■ **Exercise objective**
Print the lines below from the line with "Plafon AQUA WOOD" to the line with "Jim Dunlop Flow" exactly, keeping both ends, and print no pictures.

■ **Data supplied**
_ _ _

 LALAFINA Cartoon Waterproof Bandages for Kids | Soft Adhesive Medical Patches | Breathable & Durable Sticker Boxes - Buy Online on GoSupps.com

_ _ _

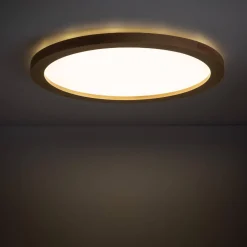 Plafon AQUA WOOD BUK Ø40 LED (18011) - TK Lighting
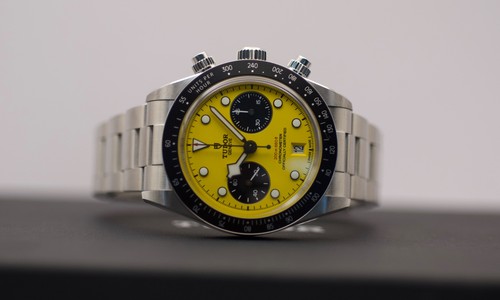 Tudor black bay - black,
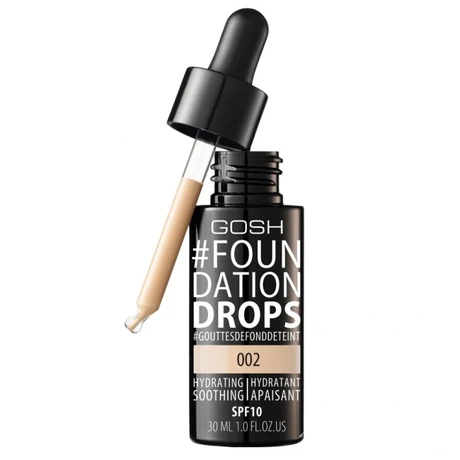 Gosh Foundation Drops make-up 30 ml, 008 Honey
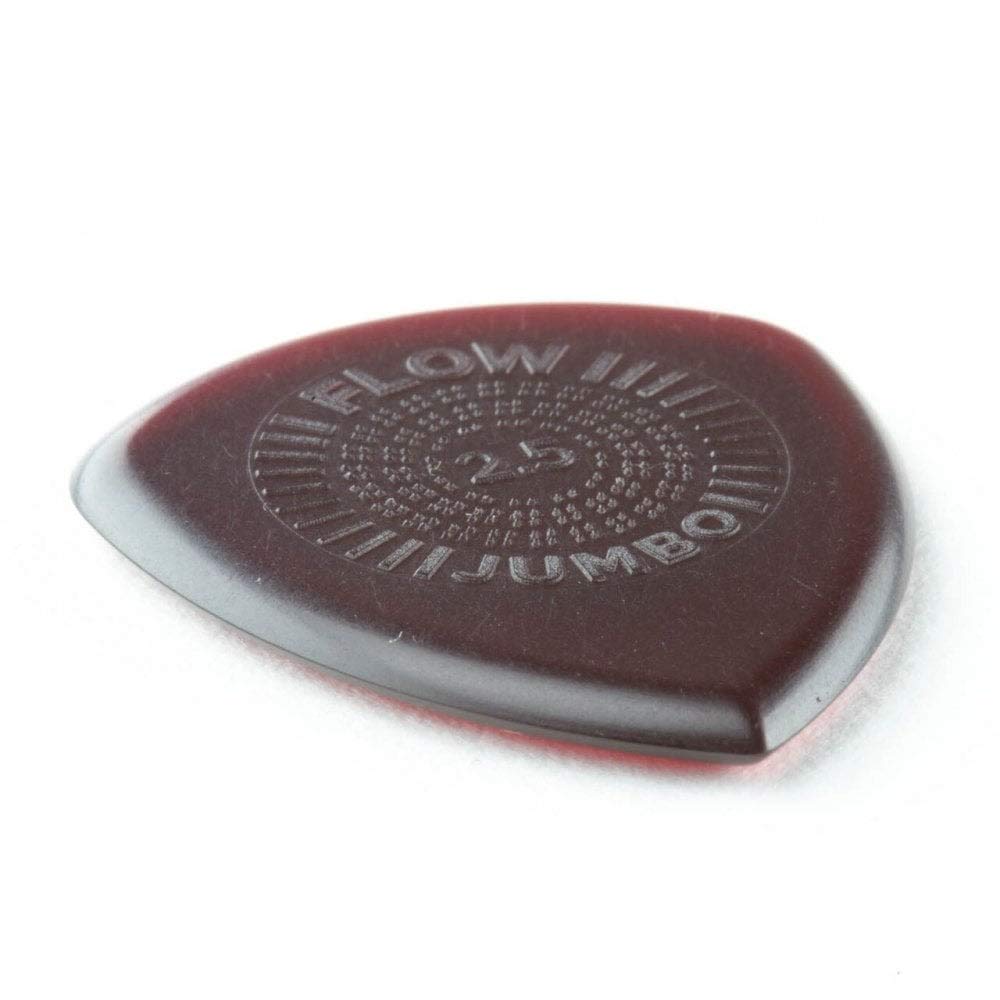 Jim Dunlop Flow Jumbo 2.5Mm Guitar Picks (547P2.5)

_ _ _

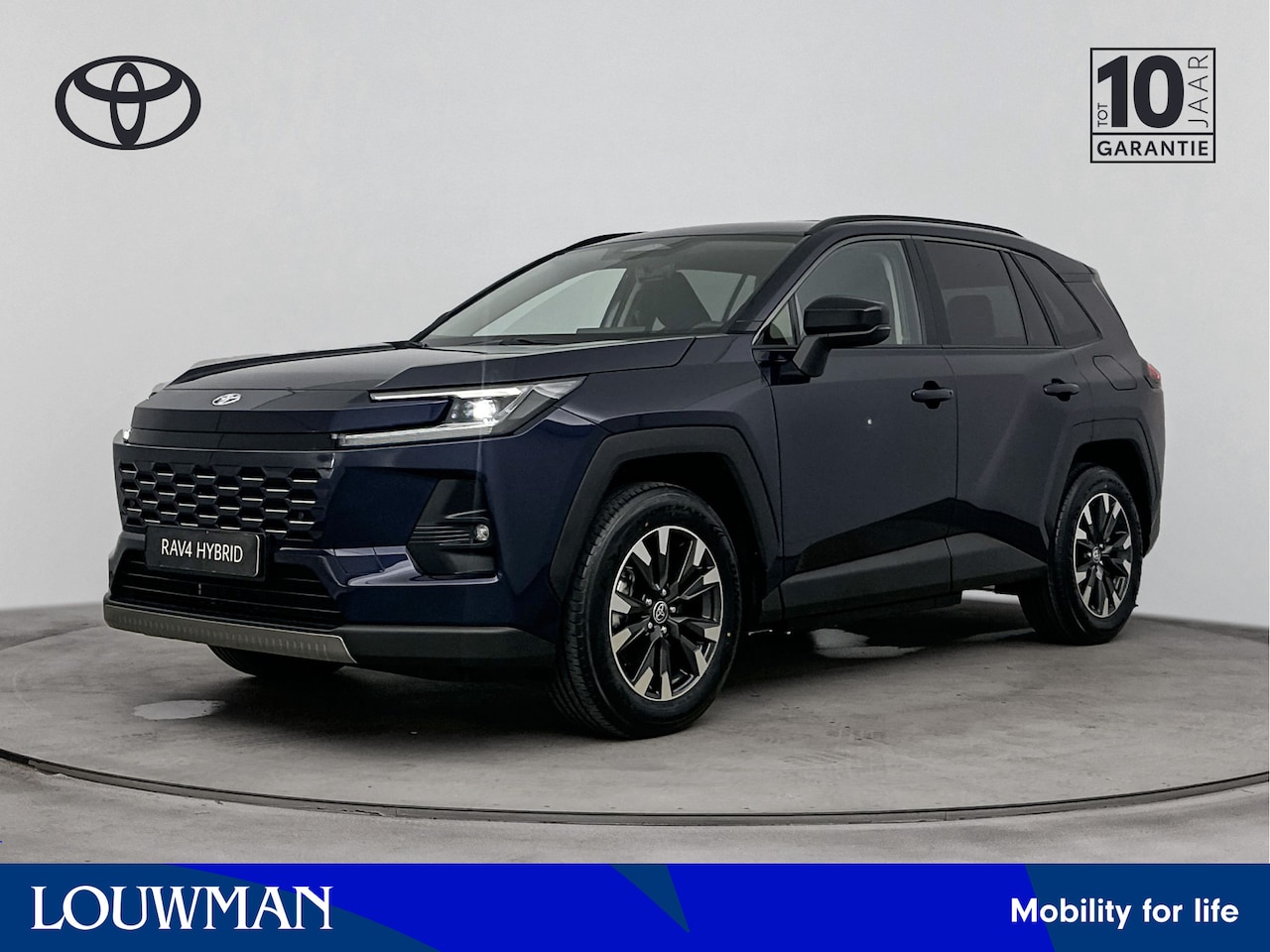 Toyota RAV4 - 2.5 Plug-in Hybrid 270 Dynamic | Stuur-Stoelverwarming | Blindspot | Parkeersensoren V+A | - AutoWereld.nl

_ _ _

■ **Written answer**
 Plafon AQUA WOOD BUK Ø40 LED (18011) - TK Lighting
 Tudor black bay - black,
 Gosh Foundation Drops make-up 30 ml, 008 Honey
 Jim Dunlop Flow Jumbo 2.5Mm Guitar Picks (547P2.5)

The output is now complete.